Amazon prenderà in considerazione la realizzazione di una criptovaluta solo fra qualche anno, ha affermato Patrick Gaulthier, Vicepresidente di Amazon Pay, durante la conferenza Fortune Brainstorm Finance 2019.

A suo parere infatti il lancio di Libra, la moneta digitale recentemente annunciata da Facebook, risulta quasi un azzardo nel clima attuale:

"È nuova, è speculativa. Ma noi di Amazon non ci occupiamo dello speculativo."

Il progetto di Facebook, una stablecoin ancorata al valore di depositi bancari e titoli di Stato, ha subito suscitato scalpore fra gli organi di regolamentazione di tutto il mondo.

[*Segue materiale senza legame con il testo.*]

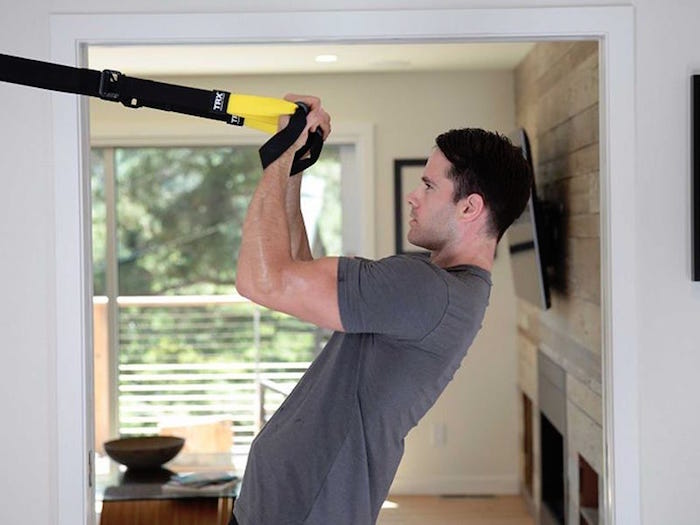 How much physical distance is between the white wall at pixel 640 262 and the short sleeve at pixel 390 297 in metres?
1.22

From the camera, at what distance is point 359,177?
21.1 feet

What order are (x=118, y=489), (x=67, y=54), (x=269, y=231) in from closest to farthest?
1. (x=269, y=231)
2. (x=67, y=54)
3. (x=118, y=489)

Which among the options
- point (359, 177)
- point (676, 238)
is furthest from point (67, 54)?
point (359, 177)

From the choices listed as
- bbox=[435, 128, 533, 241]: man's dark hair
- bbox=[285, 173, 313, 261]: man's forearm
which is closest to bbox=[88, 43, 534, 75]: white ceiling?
bbox=[285, 173, 313, 261]: man's forearm

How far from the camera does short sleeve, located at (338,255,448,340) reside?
→ 6.04 feet

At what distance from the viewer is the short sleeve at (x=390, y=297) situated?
184cm

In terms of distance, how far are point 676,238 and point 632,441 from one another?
0.55 m

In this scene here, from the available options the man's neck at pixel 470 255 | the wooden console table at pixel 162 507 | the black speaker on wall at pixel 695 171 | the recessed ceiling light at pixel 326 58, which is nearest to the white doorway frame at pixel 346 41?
the black speaker on wall at pixel 695 171

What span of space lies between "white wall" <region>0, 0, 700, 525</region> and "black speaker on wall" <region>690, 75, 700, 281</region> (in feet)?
0.08

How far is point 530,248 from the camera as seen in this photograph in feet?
15.1

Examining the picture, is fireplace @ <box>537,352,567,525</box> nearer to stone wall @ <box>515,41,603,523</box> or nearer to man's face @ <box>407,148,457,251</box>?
stone wall @ <box>515,41,603,523</box>

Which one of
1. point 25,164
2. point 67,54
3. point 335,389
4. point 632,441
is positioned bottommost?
point 632,441

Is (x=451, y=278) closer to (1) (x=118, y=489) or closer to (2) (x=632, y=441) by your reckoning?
(2) (x=632, y=441)

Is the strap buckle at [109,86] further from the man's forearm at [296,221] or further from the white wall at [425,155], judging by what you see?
the white wall at [425,155] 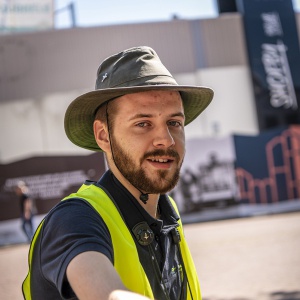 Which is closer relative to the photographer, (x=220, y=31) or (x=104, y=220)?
(x=104, y=220)

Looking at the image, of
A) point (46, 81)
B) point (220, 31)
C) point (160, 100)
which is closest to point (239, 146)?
point (220, 31)

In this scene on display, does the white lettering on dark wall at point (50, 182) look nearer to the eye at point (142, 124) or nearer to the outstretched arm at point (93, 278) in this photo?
the eye at point (142, 124)

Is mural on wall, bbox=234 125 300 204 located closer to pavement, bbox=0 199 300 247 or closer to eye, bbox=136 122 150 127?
pavement, bbox=0 199 300 247

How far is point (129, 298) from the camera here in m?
1.38

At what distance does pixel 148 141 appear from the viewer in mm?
1953

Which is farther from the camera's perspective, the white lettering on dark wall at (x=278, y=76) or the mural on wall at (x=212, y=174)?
the white lettering on dark wall at (x=278, y=76)

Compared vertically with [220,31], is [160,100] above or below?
below

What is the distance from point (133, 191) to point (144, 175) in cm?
7

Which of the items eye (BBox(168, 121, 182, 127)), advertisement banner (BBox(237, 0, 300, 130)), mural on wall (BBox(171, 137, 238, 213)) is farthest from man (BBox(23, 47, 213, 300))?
advertisement banner (BBox(237, 0, 300, 130))

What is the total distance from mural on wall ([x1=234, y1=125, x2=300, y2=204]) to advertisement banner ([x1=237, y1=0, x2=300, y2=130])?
51 centimetres

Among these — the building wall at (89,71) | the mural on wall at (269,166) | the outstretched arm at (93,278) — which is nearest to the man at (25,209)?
the building wall at (89,71)

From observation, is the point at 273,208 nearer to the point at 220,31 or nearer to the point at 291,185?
the point at 291,185

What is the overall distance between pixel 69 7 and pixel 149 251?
22477 millimetres

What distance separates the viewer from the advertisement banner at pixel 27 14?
75.5 feet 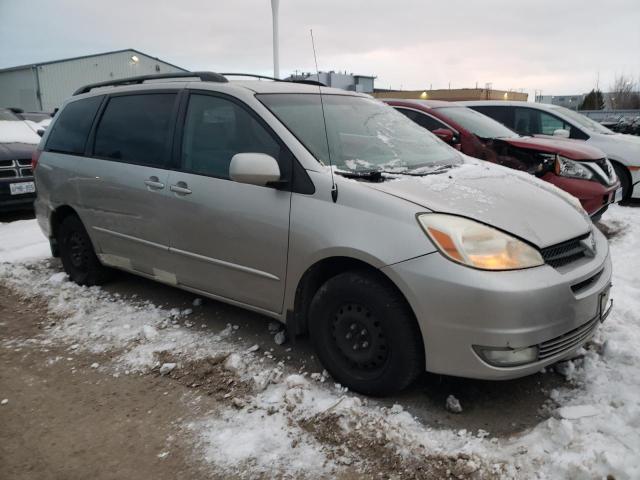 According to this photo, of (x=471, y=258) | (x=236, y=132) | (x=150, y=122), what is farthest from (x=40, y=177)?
(x=471, y=258)

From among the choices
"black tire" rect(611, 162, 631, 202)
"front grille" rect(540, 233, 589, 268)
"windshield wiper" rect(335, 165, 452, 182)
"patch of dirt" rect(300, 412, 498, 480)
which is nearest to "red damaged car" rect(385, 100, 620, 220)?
"black tire" rect(611, 162, 631, 202)

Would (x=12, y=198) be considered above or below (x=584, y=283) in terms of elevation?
below

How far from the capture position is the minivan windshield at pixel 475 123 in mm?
6457

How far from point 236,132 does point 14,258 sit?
371 centimetres

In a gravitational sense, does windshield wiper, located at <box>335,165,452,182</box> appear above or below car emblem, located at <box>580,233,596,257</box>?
above

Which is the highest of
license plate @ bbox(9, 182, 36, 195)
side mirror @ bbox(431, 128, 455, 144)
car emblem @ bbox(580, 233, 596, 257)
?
side mirror @ bbox(431, 128, 455, 144)

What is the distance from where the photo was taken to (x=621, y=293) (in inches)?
156

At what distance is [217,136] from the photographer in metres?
3.48

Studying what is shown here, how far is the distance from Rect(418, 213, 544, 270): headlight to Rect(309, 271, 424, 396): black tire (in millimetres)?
368

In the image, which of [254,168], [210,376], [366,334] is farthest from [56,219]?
[366,334]

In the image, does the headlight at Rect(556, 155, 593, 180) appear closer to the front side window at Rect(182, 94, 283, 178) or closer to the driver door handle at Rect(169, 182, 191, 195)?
the front side window at Rect(182, 94, 283, 178)

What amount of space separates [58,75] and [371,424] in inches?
1319

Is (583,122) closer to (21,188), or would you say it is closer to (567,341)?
(567,341)

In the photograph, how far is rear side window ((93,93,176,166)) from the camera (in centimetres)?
378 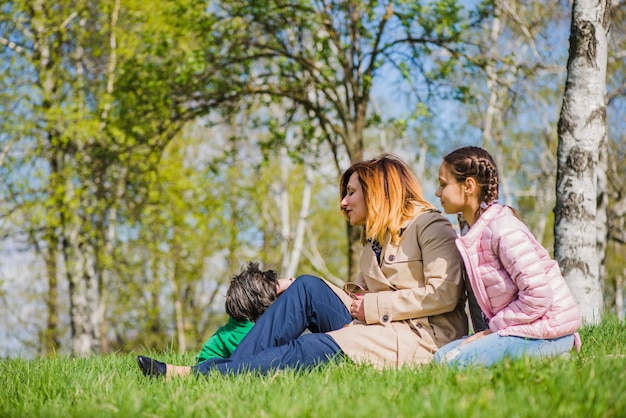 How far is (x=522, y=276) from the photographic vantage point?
3.21 m

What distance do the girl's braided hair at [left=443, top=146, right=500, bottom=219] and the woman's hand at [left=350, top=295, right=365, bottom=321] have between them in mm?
829

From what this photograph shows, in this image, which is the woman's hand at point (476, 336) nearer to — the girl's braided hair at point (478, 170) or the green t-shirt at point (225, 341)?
the girl's braided hair at point (478, 170)

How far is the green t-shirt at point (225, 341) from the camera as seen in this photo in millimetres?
4223

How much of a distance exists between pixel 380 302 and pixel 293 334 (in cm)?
55

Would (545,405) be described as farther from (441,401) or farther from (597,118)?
(597,118)

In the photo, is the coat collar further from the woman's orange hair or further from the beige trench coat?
the woman's orange hair

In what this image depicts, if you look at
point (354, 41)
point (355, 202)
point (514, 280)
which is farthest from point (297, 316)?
point (354, 41)

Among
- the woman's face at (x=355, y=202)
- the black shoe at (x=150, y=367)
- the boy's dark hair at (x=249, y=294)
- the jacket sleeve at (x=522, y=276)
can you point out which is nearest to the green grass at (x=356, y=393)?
the black shoe at (x=150, y=367)

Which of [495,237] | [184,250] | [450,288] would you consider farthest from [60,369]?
[184,250]

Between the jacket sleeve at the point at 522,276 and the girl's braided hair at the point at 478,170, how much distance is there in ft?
1.03

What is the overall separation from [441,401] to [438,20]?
8.70 metres

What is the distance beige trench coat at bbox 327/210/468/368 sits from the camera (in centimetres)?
354

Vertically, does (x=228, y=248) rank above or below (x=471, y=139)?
below

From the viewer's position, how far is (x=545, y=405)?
243 cm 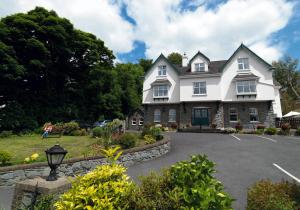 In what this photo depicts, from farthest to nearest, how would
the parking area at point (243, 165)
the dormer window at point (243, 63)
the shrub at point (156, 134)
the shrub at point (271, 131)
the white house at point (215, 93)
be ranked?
the dormer window at point (243, 63) → the white house at point (215, 93) → the shrub at point (271, 131) → the shrub at point (156, 134) → the parking area at point (243, 165)

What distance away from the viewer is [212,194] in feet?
8.47

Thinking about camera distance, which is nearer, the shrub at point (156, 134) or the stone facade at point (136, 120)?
the shrub at point (156, 134)

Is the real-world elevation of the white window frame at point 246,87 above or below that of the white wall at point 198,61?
below

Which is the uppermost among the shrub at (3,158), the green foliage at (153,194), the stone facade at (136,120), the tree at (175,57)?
the tree at (175,57)

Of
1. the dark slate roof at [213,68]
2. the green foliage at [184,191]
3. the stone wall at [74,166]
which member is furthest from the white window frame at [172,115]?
the green foliage at [184,191]

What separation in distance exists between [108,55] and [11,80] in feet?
46.6

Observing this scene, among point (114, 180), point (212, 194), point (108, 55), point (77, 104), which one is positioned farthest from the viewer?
point (108, 55)

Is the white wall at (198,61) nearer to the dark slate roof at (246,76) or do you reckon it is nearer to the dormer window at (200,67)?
the dormer window at (200,67)

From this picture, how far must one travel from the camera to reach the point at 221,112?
1090 inches

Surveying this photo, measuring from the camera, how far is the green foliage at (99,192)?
287cm

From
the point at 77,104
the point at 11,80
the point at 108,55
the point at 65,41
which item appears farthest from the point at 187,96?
the point at 11,80

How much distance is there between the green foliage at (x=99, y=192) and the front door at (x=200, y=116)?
2654cm

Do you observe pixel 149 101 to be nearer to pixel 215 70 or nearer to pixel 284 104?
pixel 215 70

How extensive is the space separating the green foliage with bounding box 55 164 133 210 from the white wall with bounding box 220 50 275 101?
27.1m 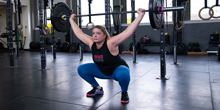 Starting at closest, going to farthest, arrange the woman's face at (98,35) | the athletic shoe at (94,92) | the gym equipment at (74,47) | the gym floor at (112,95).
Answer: the gym floor at (112,95) → the woman's face at (98,35) → the athletic shoe at (94,92) → the gym equipment at (74,47)

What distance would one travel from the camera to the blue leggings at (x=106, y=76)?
6.23 feet

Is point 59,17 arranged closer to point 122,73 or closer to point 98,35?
point 98,35

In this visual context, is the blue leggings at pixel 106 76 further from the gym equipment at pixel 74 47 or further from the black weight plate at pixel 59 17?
the gym equipment at pixel 74 47

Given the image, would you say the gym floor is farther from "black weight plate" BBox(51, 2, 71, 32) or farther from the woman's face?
"black weight plate" BBox(51, 2, 71, 32)

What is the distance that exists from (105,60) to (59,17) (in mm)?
1340

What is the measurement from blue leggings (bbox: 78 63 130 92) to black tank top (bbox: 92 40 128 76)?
5 cm

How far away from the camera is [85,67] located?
2119 millimetres

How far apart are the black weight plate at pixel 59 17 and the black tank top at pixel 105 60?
3.56 ft


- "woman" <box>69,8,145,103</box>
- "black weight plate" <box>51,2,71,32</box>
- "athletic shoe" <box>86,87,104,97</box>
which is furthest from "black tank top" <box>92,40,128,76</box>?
"black weight plate" <box>51,2,71,32</box>

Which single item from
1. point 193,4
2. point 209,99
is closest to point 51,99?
point 209,99

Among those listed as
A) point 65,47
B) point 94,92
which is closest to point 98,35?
point 94,92

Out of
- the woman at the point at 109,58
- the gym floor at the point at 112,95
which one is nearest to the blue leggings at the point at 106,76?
the woman at the point at 109,58

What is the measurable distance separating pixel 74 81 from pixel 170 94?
146 centimetres

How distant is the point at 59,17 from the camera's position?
2934mm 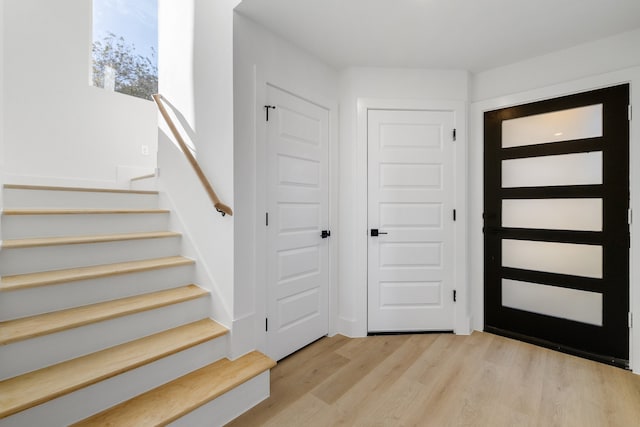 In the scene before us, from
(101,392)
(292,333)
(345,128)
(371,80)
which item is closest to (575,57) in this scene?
(371,80)

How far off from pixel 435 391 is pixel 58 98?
4491mm

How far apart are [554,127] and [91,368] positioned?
361 cm

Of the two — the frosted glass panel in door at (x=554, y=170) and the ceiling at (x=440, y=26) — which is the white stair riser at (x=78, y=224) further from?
the frosted glass panel in door at (x=554, y=170)

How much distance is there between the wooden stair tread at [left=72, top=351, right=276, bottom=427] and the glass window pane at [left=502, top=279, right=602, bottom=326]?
2.26 m

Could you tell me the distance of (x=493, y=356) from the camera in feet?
7.47

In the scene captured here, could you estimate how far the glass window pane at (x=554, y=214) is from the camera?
224 cm

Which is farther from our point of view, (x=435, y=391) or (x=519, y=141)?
(x=519, y=141)

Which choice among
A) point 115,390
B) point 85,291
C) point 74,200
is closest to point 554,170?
point 115,390

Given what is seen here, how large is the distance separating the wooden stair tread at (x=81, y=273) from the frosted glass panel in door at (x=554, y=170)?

Negli Stati Uniti, un membro del Comitato per i Servizi Finanziari della Camera dei Rappresentanti ha richiesto l'interruzione dello sviluppo di Libra. Bruno Le Maire, Ministro francese dell'Economia e delle Finanze, ha affermato che la criptovaluta di Facebook "non può e non deve" diventare una moneta sovrana. Altri paesi, come ad esempio la Russia, potrebbero in futuro bloccare del tutto sia il social network che i servizi legati a Libra.

Ciononostante Gaulthier non esclude la possibilità che, nel medio periodo, anche Amazon possa lanciare una valuta digitale simile:

"Ad Amazon, ci occupiamo parecchio di dati. Sarei pertanto lieto se avessimo questa conversazione [relativa al lancio di una criptovaluta] fra due o tre anni."